Or you could look at the whole timing problem from a slightly different perspective. That is you might opt to program the sprites as early as possible rather than as late as possible, e.g. right after the previous shape has finished with the sprite channel you're attempting to reuse. That way there's no need to estimate raster timing at all, with the drawback that some sprite which would otherwise be displayed imperfectly simply won't show up at all.
As for speeding up the interrupt handler itself about the best you can do is to unroll it completely and keep a separate interrupt handler per-sprite. That way you can poke sprite values directly into LDA immediates and STA to absolute addresses instead of indexing anything. Whether or not the cycle savings are worth the space depends on your game and how tightly you'll want to pack the sprites, but I've found it a useful method.
I've considered that, but it only works if sprites are never Y-expanded.

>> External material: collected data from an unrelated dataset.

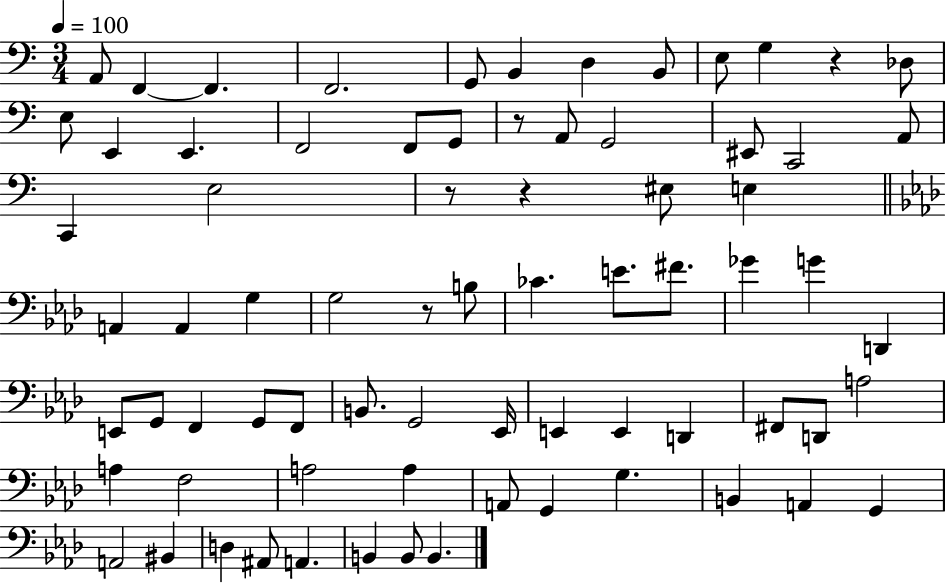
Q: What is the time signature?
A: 3/4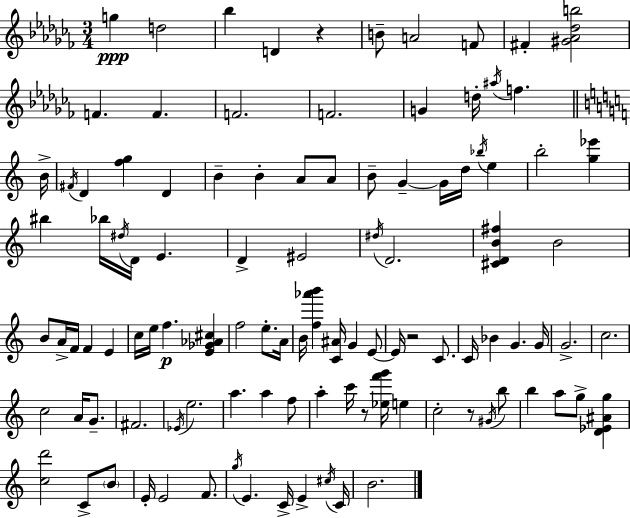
{
  \clef treble
  \numericTimeSignature
  \time 3/4
  \key aes \minor
  g''4\ppp d''2 | bes''4 d'4 r4 | b'8-- a'2 f'8 | fis'4-. <gis' aes' des'' b''>2 | \break f'4. f'4. | f'2. | f'2. | g'4 d''16-. \acciaccatura { ais''16 } f''4. | \break \bar "||" \break \key c \major b'16-> \acciaccatura { fis'16 } d'4 <f'' g''>4 d'4 | b'4-- b'4-. a'8 | a'8 b'8-- g'4--~~ g'16 d''16 \acciaccatura { bes''16 } e''4 | b''2-. <g'' ees'''>4 | \break bis''4 bes''16 \acciaccatura { dis''16 } d'16 e'4. | d'4-> eis'2 | \acciaccatura { dis''16 } d'2. | <cis' d' b' fis''>4 b'2 | \break b'8 a'16-> f'16 f'4 | e'4 c''16 e''16 f''4.\p | <e' ges' aes' cis''>4 f''2 | e''8.-. a'16 b'16 <f'' aes''' b'''>4 <c' ais'>16 g'4 | \break e'8~~ e'16 r2 | c'8. c'16 bes'4 g'4. | g'16 g'2.-> | c''2. | \break c''2 | a'16 g'8.-- fis'2. | \acciaccatura { ees'16 } e''2. | a''4. | \break a''4 f''8 a''4-. c'''16 r8 | <ees'' f''' g'''>16 e''4 c''2-. | r8 \acciaccatura { gis'16 } b''8 b''4 a''8 | g''8-> <d' ees' ais' g''>4 <c'' d'''>2 | \break c'8-> \parenthesize b'8 e'16-. e'2 | f'8. \acciaccatura { g''16 } e'4. | c'16-> e'4-> \acciaccatura { cis''16 } c'16 b'2. | \bar "|."
}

If some sprites are Y-expanded and some aren't, the place where each sprite ends could not be in the same order as the order where each sprite starts. As the result you'll have to ressort to 2 sorting routine, one to sort the start coordinates as usual, and a second to sort the end coordinate which are the same plus 21/42. So it would become significantly more CPU intensive during VBlank, and more complicated logic overall. Altough you'd save the mess with $d015, as all sprites could be always enabled, and write the first 8 active sprites during VBlank.

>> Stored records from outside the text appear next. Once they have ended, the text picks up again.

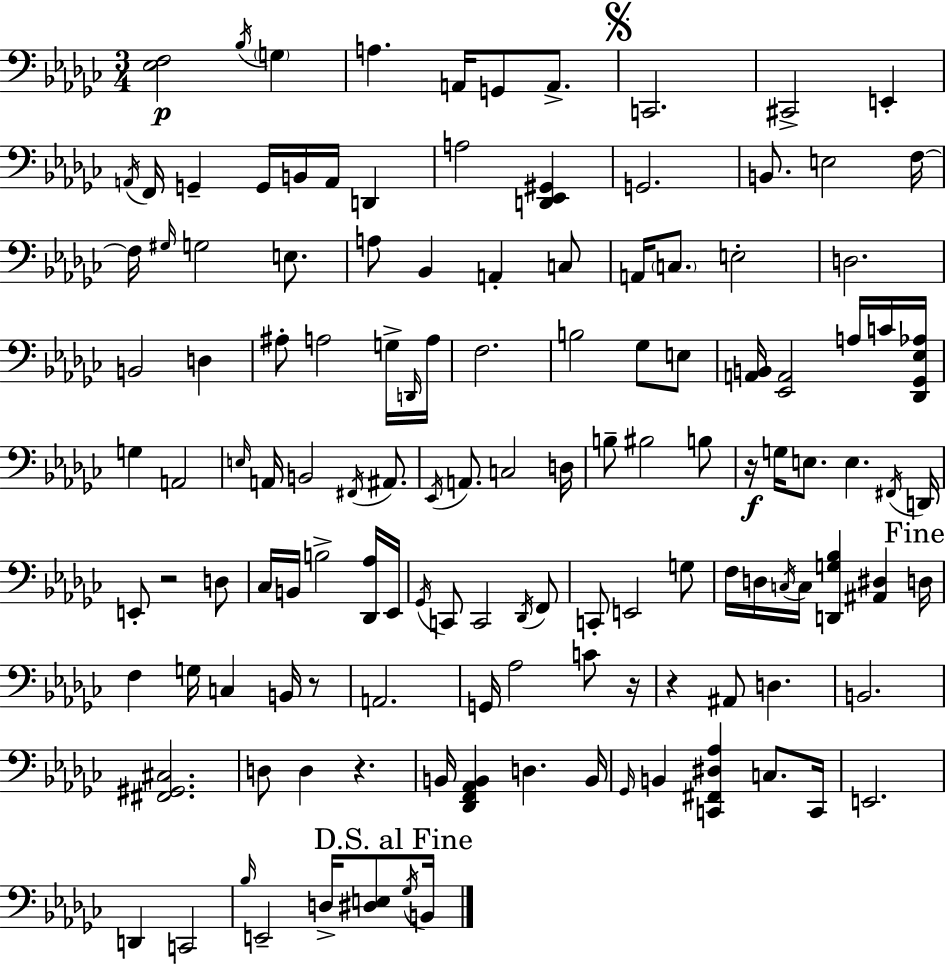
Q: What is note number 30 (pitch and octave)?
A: A2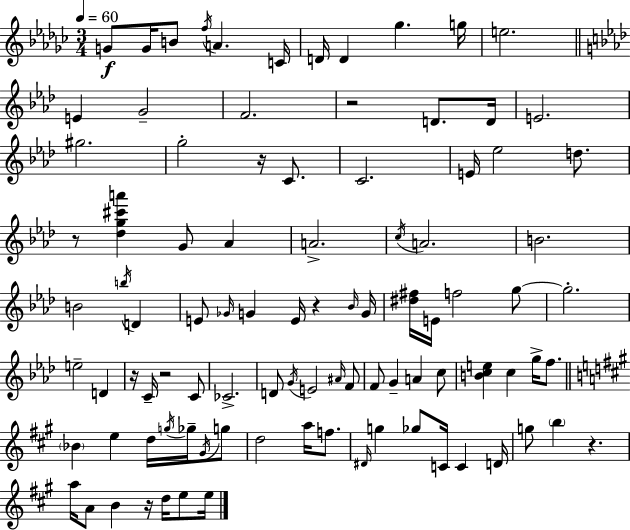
{
  \clef treble
  \numericTimeSignature
  \time 3/4
  \key ees \minor
  \tempo 4 = 60
  g'8\f g'16 b'8 \acciaccatura { f''16 } a'4. | c'16 d'16 d'4 ges''4. | g''16 e''2. | \bar "||" \break \key aes \major e'4 g'2-- | f'2. | r2 d'8. d'16 | e'2. | \break gis''2. | g''2-. r16 c'8. | c'2. | e'16 ees''2 d''8. | \break r8 <des'' g'' cis''' a'''>4 g'8 aes'4 | a'2.-> | \acciaccatura { c''16 } a'2. | b'2. | \break b'2 \acciaccatura { b''16 } d'4 | e'8 \grace { ges'16 } g'4 e'16 r4 | \grace { bes'16 } g'16 <dis'' fis''>16 e'16 f''2 | g''8~~ g''2.-. | \break e''2-- | d'4 r16 c'16-- r2 | c'8 ces'2.-> | d'8 \acciaccatura { g'16 } e'2 | \break \grace { ais'16 } f'8 f'8 g'4-- | a'4 c''8 <b' c'' e''>4 c''4 | g''16-> f''8. \bar "||" \break \key a \major \parenthesize bes'4 e''4 d''16 \acciaccatura { g''16 } ges''16-- \acciaccatura { gis'16 } | g''8 d''2 a''16 f''8. | \grace { dis'16 } g''4 ges''8 c'16 c'4 | d'16 g''8 \parenthesize b''4 r4. | \break a''16 a'8 b'4 r16 d''16 | e''8 e''16 \bar "|."
}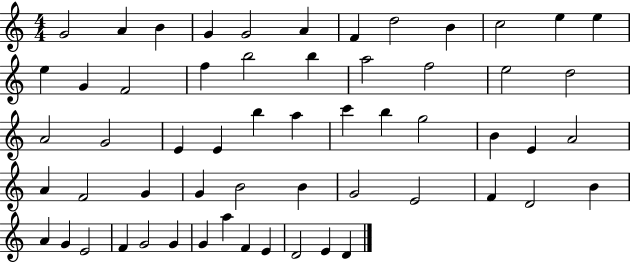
{
  \clef treble
  \numericTimeSignature
  \time 4/4
  \key c \major
  g'2 a'4 b'4 | g'4 g'2 a'4 | f'4 d''2 b'4 | c''2 e''4 e''4 | \break e''4 g'4 f'2 | f''4 b''2 b''4 | a''2 f''2 | e''2 d''2 | \break a'2 g'2 | e'4 e'4 b''4 a''4 | c'''4 b''4 g''2 | b'4 e'4 a'2 | \break a'4 f'2 g'4 | g'4 b'2 b'4 | g'2 e'2 | f'4 d'2 b'4 | \break a'4 g'4 e'2 | f'4 g'2 g'4 | g'4 a''4 f'4 e'4 | d'2 e'4 d'4 | \break \bar "|."
}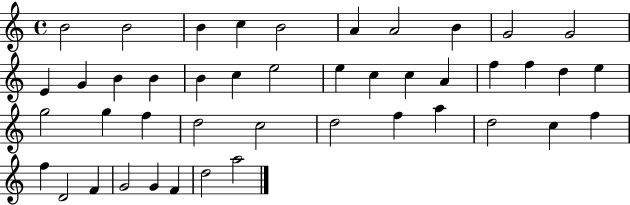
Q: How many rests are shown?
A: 0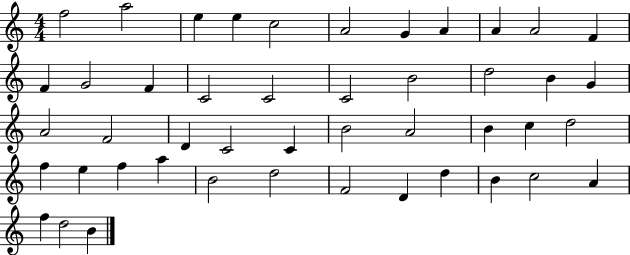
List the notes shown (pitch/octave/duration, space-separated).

F5/h A5/h E5/q E5/q C5/h A4/h G4/q A4/q A4/q A4/h F4/q F4/q G4/h F4/q C4/h C4/h C4/h B4/h D5/h B4/q G4/q A4/h F4/h D4/q C4/h C4/q B4/h A4/h B4/q C5/q D5/h F5/q E5/q F5/q A5/q B4/h D5/h F4/h D4/q D5/q B4/q C5/h A4/q F5/q D5/h B4/q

Having one IRQ per software sprite could possibly save some time, as you could do lda immediate *but* not only you'd have to change the IRQ vector each time or end up using a jump table or something like that and it would also slow things down. Not to mention the arguemnt of lda immediate would be complicated to change inside the VBlank, and you'll have to have the almost exactly same code about 16-20 times in RAM, and I think it should be a waste to reserve up to 2-3 kb of memory for IRQ code only to save a couple of cycles.
;roughly 75 cycles and 50 bytes per IRQ irq0 sta irq_save_a mux_x0 lda #$00 sta $d000 mux_c0 lda #$00 sta $d027 mux_p0 lda #$00 sta $07f8 mux_m0 lda #$00 sta $d01d mux_y0 lda #$00 sta $d001 asl $d019 mux_l0 lda #$00 sta $d012 cmp $d012 bcc irq1+2 beq irq1+2 lda #<irq1 sta $fffe ; inc $ffff ;every fifth time or so.. lda irq_save_a rti irq1 sta irq_save_a mux_x1 lda #$00 sta $d002 mux_c1 lda #$00 sta $d028 . . .

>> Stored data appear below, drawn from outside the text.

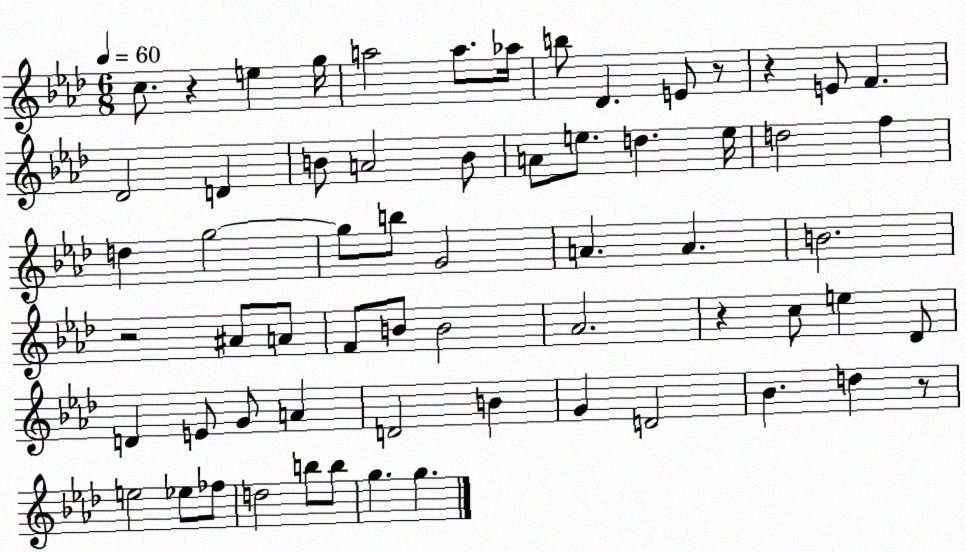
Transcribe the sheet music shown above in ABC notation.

X:1
T:Untitled
M:6/8
L:1/4
K:Ab
c/2 z e g/4 a2 a/2 _a/4 b/2 _D E/2 z/2 z E/2 F _D2 D B/2 A2 B/2 A/2 e/2 d e/4 d2 f d g2 g/2 b/2 G2 A A B2 z2 ^A/2 A/2 F/2 B/2 B2 _A2 z c/2 e _D/2 D E/2 G/2 A D2 B G D2 _B d z/2 e2 _e/2 _f/2 d2 b/2 b/2 g g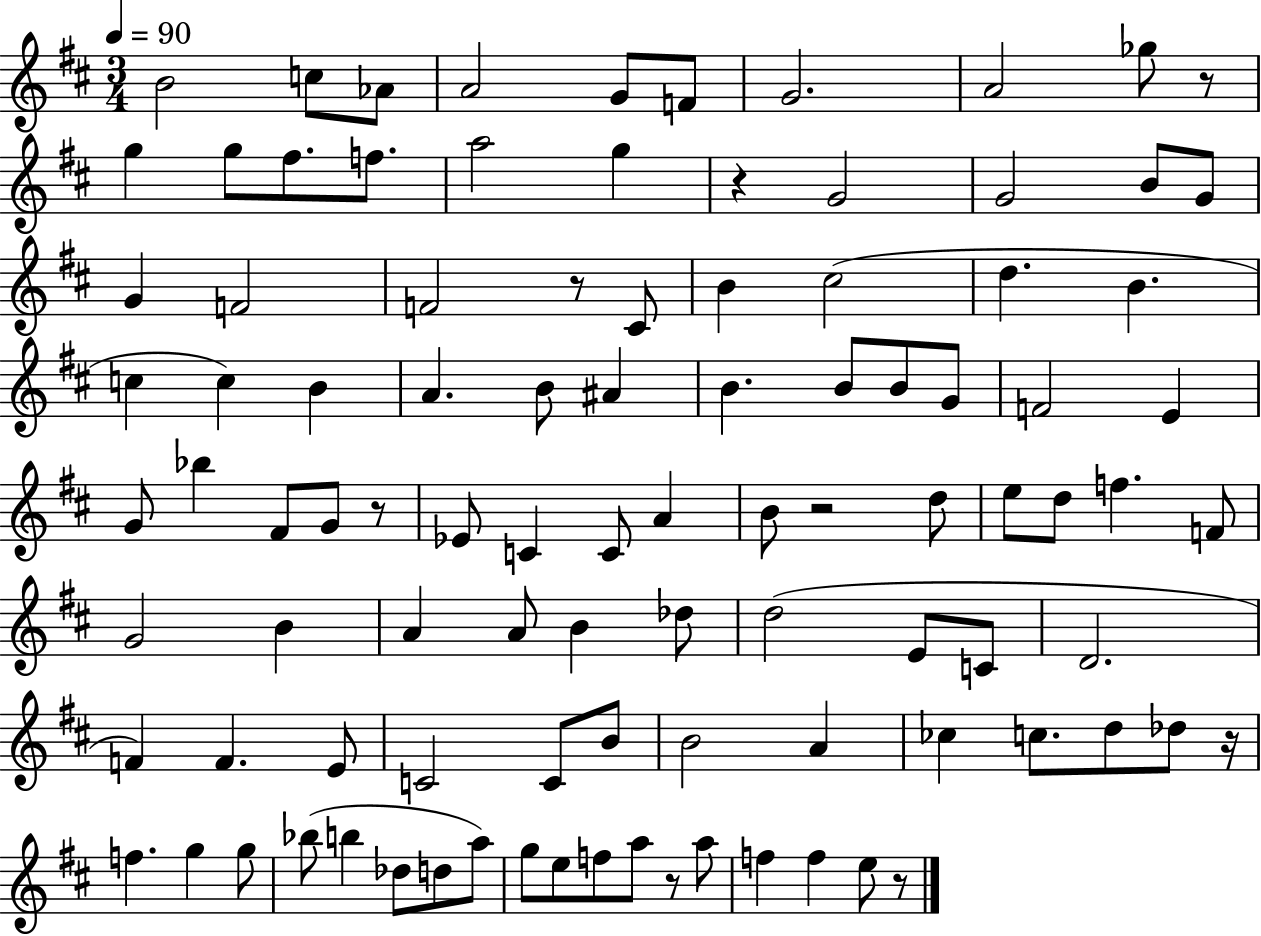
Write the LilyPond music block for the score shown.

{
  \clef treble
  \numericTimeSignature
  \time 3/4
  \key d \major
  \tempo 4 = 90
  b'2 c''8 aes'8 | a'2 g'8 f'8 | g'2. | a'2 ges''8 r8 | \break g''4 g''8 fis''8. f''8. | a''2 g''4 | r4 g'2 | g'2 b'8 g'8 | \break g'4 f'2 | f'2 r8 cis'8 | b'4 cis''2( | d''4. b'4. | \break c''4 c''4) b'4 | a'4. b'8 ais'4 | b'4. b'8 b'8 g'8 | f'2 e'4 | \break g'8 bes''4 fis'8 g'8 r8 | ees'8 c'4 c'8 a'4 | b'8 r2 d''8 | e''8 d''8 f''4. f'8 | \break g'2 b'4 | a'4 a'8 b'4 des''8 | d''2( e'8 c'8 | d'2. | \break f'4) f'4. e'8 | c'2 c'8 b'8 | b'2 a'4 | ces''4 c''8. d''8 des''8 r16 | \break f''4. g''4 g''8 | bes''8( b''4 des''8 d''8 a''8) | g''8 e''8 f''8 a''8 r8 a''8 | f''4 f''4 e''8 r8 | \break \bar "|."
}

General-purpose multiplexers rarely bother with any of the bit-packed attributes other than the x bits.
To handle y-expansion effectively I think you'll need to sort by both the top y coordinate and the bottom y coordinate anyway regardless of the interrupt method. At any rate the hardware sprites won't be reprogrammed in strict sequential order anymore.
On top of that there's a matching (unrolled) writer "loop" which goes through the sorted sprite list and pokes the sprite attributes into the immediate constants, compiles the most-significant x bytes, and a few other things. The nice thing is that it doesn't really cost me any extra cycles since I had to preserve the sprite data somewhere anyway.
I don't see the problem as long as I make the interrupt before the sprite, since the starting coordinate is the same regardless if the sprite is Y-expanded. I only regard whether Y-expansion is enabled when computing if sprites overlap, and if there is more than 8 on a scanline
Then I guess I made one of the first true general multiplexer. How could you call it a general multiplexer if it imposes some restrictions to your flags ? I have to admit that in-game sprites will mostly be multicolor, will mostly never be X or Y expanded and will mostly appear on the front of the background, but it's nice to have an engine that isn't that restricting, especially since I plan to have it enabled at all times.
PS : Commodore were really stupid they should have implemented X and Y *inversion* instead of expansion, it would be MUCH more usefull for in-game use.
However I guess I can do inversion by software without having to store the graphics twice.
Imagine that you put one y-expanded sprite on the first scanline. Then starting one line below that you add seven non-expanded sprites. Finally lets add yet another sprite 24 lines below that. Now, the point here is that if you simply sorted by the topmost y coordinate and tried to use the sprites in sequential order then the multiplexer would try to use the same hardware sprite for both the topmost (y-expanded) software sprite and the final bottommost sprite. Clearly not optimal.
I guess the routine is longer than those extra sprite gfx.